A charming name indeed.
In simple terms, Blueberry Buckle is a coffee cake with a streusal topping and the addition of blueberries.
I have a tendency to like foods with interesting or cute names, and blueberry buckle is no exception to that. The name originates from the fact that as the cake rises, the streusal topping and berries weigh down the surface a bit, causing it to “buckle”.
In the past, when developing a blueberry pie filling, I decided to experiment with adding a little nutmeg and found that it was absolutely fantastic. Blueberry and nutmeg compliment each other incredibly well.
So, although not the most common for Blueberry Buckle, I have included nutmeg in my version.
This makes a coffee cake that is lovely for breakfast and as a snack with coffee, but also delightful as a stand alone dessert! I hope you enjoy!
(Makes an 8 x 8 Pan)
- 2 C Flour
- 3/4 C Sugar
- 2 1/2 Tsp Baking Powder
- 1/4 Tsp Salt
- 1/4 Tsp Nutmeg
- 1 Vegan “Egg” (I use EnerG Egg Replacer)
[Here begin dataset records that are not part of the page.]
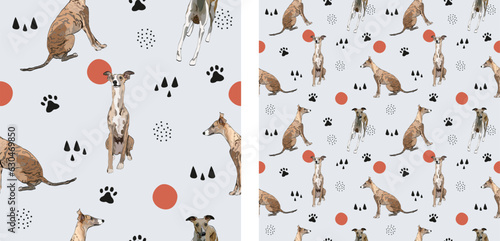 Seamless whippet dogs pattern, holiday texture. Square format, t-shirt, poster, packaging, textile, textile, fabric, decoration, wrapping paper. Trendy hand-drawn abstract wallpaper with dogs.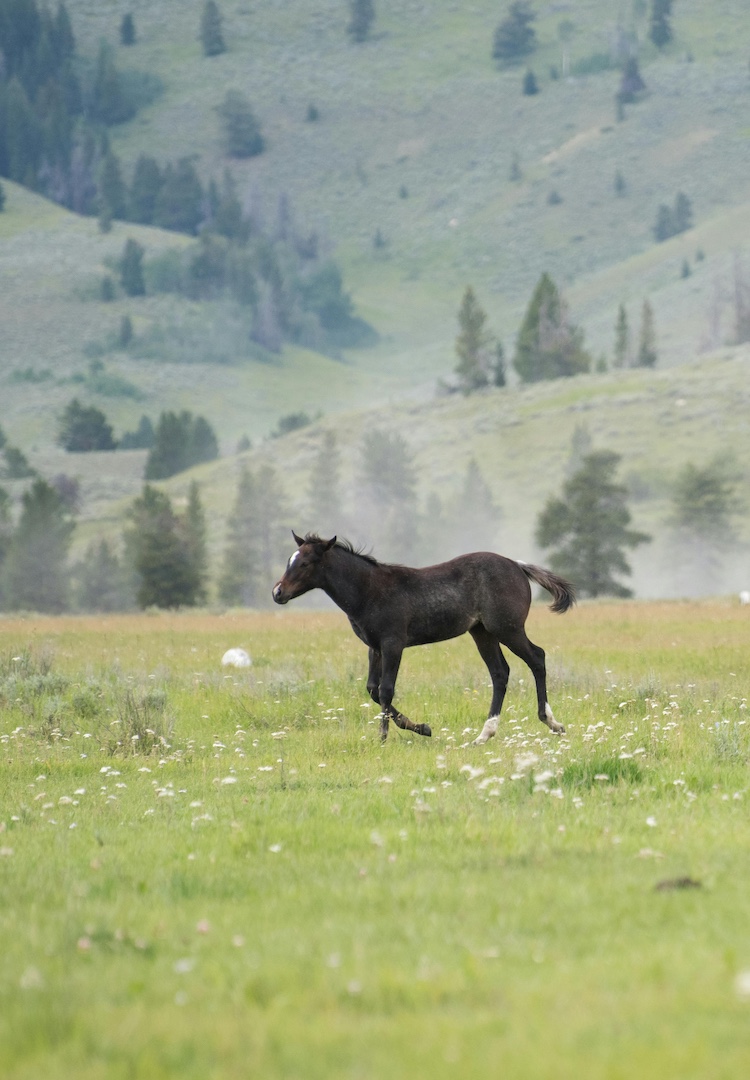 What to know about the year of the Fire Horse, ahead of Lunar New Year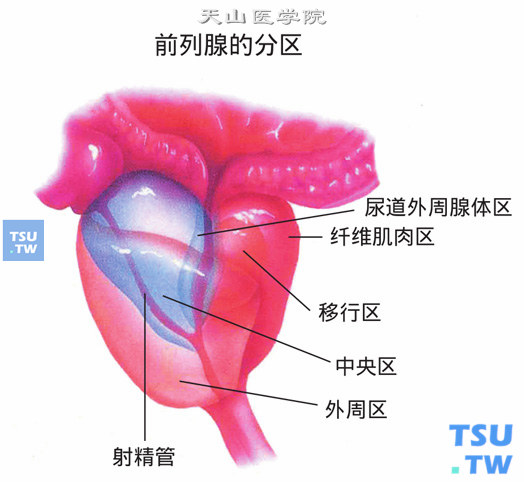 前列腺分区；前部纤维肌肉间质区，后部双侧叶和前部下方为外周区，内部在尿道周围为移行区，移行区和外周区之间为中央区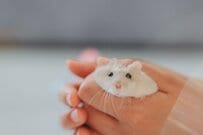 部屋を散歩中のハムスターが起こした「まさかの行動」　プランターに飛び乗った直後の行動に「これは可愛すぎ」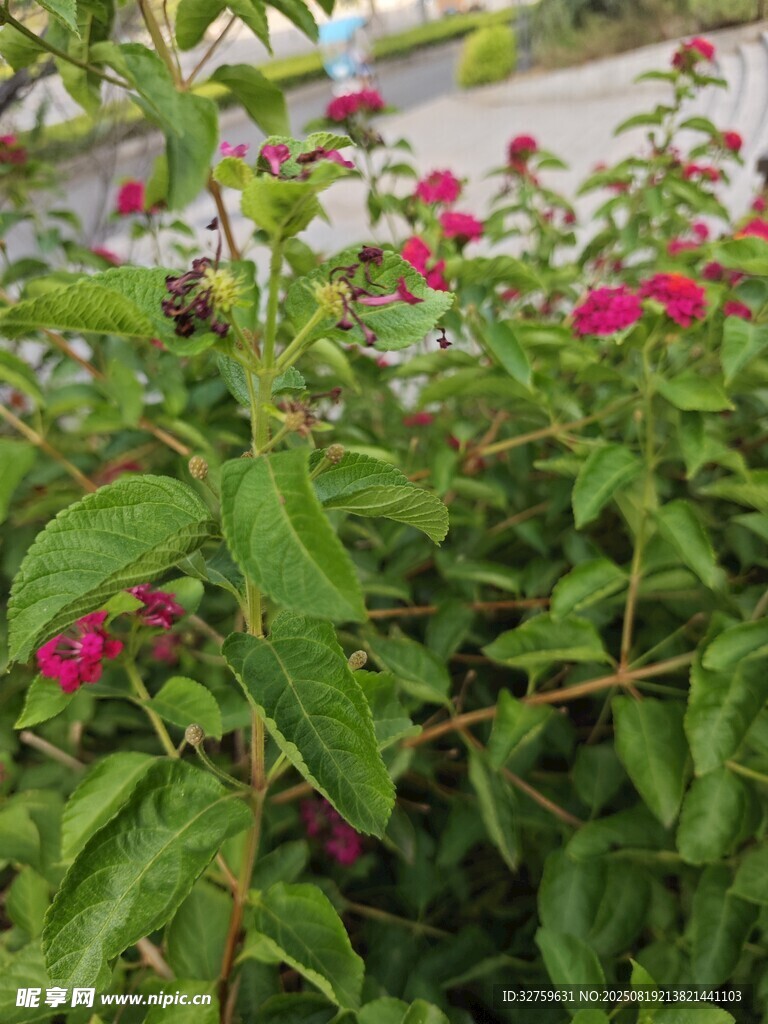 綠葉間綻放的嬌艷紅花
- 3/4 C Unsweetened Soymilk (room temp.)
- 1/4 C Earth Balance Vegan Butter, Melted
- 2-3 C Fresh or Frozen Blueberries
- 1/2 C Sugar
- 1/3 C Flour
- 1/2 Tsp Cinnamon
- 1/4 C Earth Balance Butter
- Preheat oven to 375°. In a large bowl, whisk the flour, sugar, vegan egg replacer, baking powder and salt. In a separate bowl, whisk together soymilk and melted butter, until blended. Pour milk and butter mixture into flour mixture, and whisk until just combined. Gently fold in blueberries (If using frozen, toss them in a spoonful of flour or cornstarch first). Pour evenly into a greased 8 x 8 in. pan.
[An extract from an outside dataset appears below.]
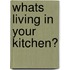 Whats Living in Your Kitchen?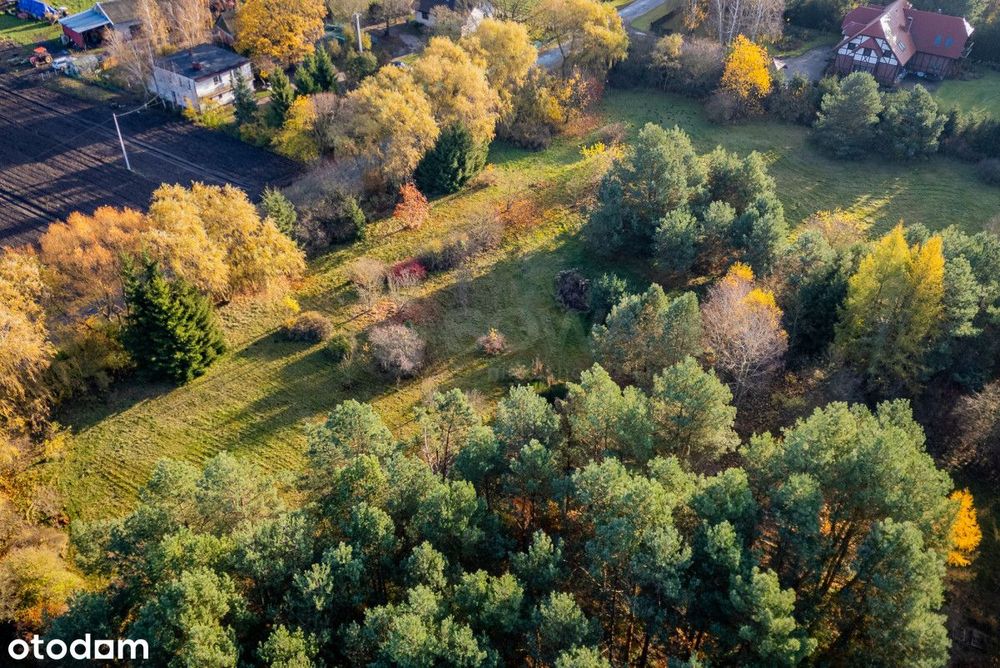 Działka budowlana tuż przy lesie WZ - Widok 6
- For streusel, mix sugar, flour, and cinnamon in a small bowl. Using a fork, mash in your softened butter until mixture is crumbly. It should look and feel like wet sand. Sprinkle all of the mixture over the top of your batter.
- Bake 30-35 minutes or until a toothpick inserted in center comes out clean (Internal temp should register at 195℉-205℉. Let cool at least 20 mins before cutting.
- Serve and Enjoy!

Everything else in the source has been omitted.